*Brief*: From the listing below, pull out the lines that hold "when".

*Data for this task*:
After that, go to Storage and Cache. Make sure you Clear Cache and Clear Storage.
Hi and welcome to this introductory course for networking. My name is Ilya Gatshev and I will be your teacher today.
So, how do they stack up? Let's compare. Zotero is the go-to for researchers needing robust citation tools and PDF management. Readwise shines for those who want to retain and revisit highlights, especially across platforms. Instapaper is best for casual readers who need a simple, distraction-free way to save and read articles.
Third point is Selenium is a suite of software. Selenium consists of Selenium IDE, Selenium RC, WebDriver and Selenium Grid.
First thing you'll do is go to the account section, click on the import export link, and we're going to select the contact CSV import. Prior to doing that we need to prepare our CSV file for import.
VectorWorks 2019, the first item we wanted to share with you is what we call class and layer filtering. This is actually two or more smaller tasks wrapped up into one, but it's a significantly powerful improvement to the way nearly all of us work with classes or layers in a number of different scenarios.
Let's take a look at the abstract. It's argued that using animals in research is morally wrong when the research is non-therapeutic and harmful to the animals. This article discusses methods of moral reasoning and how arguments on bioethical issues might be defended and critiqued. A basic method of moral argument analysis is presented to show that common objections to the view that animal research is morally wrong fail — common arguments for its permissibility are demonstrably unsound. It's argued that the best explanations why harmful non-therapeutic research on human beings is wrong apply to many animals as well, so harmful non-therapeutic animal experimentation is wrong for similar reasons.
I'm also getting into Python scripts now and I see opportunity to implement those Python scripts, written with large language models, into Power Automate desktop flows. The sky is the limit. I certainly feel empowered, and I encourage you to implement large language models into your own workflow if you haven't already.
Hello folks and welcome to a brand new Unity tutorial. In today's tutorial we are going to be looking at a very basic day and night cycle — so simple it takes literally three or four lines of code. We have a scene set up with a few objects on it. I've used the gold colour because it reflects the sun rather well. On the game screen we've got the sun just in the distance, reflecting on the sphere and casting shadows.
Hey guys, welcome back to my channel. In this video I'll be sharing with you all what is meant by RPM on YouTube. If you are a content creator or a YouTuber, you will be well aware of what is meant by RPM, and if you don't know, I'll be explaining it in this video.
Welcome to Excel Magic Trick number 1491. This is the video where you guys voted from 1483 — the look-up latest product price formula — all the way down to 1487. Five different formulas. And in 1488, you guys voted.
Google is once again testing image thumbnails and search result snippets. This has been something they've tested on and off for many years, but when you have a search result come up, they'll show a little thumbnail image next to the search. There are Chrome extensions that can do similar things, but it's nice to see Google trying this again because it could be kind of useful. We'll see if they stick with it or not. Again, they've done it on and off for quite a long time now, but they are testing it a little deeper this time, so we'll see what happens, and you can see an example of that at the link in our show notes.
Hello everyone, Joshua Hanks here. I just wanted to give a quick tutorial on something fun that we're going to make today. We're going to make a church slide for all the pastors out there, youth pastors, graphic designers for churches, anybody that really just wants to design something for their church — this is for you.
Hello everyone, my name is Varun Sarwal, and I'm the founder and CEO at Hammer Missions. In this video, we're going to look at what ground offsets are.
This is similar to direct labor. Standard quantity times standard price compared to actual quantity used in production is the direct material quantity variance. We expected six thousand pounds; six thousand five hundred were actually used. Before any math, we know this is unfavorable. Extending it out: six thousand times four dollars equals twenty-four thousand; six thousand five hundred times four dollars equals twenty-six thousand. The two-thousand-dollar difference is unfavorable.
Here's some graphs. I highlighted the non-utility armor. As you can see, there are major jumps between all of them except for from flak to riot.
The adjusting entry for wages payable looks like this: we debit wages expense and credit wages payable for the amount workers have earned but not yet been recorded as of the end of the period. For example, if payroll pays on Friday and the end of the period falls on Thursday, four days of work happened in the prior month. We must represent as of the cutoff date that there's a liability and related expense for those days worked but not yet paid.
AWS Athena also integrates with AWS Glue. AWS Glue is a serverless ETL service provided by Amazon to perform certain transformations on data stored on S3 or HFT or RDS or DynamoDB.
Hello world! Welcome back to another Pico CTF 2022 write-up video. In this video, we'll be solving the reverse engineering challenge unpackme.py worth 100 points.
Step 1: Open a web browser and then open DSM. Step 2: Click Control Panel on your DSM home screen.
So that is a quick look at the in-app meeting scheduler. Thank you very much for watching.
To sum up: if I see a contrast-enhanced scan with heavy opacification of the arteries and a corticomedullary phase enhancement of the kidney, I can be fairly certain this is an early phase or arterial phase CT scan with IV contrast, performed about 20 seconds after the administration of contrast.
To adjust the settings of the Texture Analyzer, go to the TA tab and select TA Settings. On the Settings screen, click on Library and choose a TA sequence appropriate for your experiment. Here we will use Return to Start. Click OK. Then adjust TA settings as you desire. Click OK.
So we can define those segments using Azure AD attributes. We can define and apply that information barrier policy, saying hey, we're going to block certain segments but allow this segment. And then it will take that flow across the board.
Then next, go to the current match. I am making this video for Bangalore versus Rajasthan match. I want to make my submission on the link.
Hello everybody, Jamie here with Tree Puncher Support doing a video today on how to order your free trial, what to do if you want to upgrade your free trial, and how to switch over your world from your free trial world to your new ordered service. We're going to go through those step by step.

*Exercise answer*:
Let's take a look at the abstract. It's argued that using animals in research is morally wrong when the research is non-therapeutic and harmful to the animals. This article discusses methods of moral reasoning and how arguments on bioethical issues might be defended and critiqued. A basic method of moral argument analysis is presented to show that common objections to the view that animal research is morally wrong fail — common arguments for its permissibility are demonstrably unsound. It's argued that the best explanations why harmful non-therapeutic research on human beings is wrong apply to many animals as well, so harmful non-therapeutic animal experimentation is wrong for similar reasons.
Google is once again testing image thumbnails and search result snippets. This has been something they've tested on and off for many years, but when you have a search result come up, they'll show a little thumbnail image next to the search. There are Chrome extensions that can do similar things, but it's nice to see Google trying this again because it could be kind of useful. We'll see if they stick with it or not. Again, they've done it on and off for quite a long time now, but they are testing it a little deeper this time, so we'll see what happens, and you can see an example of that at the link in our show notes.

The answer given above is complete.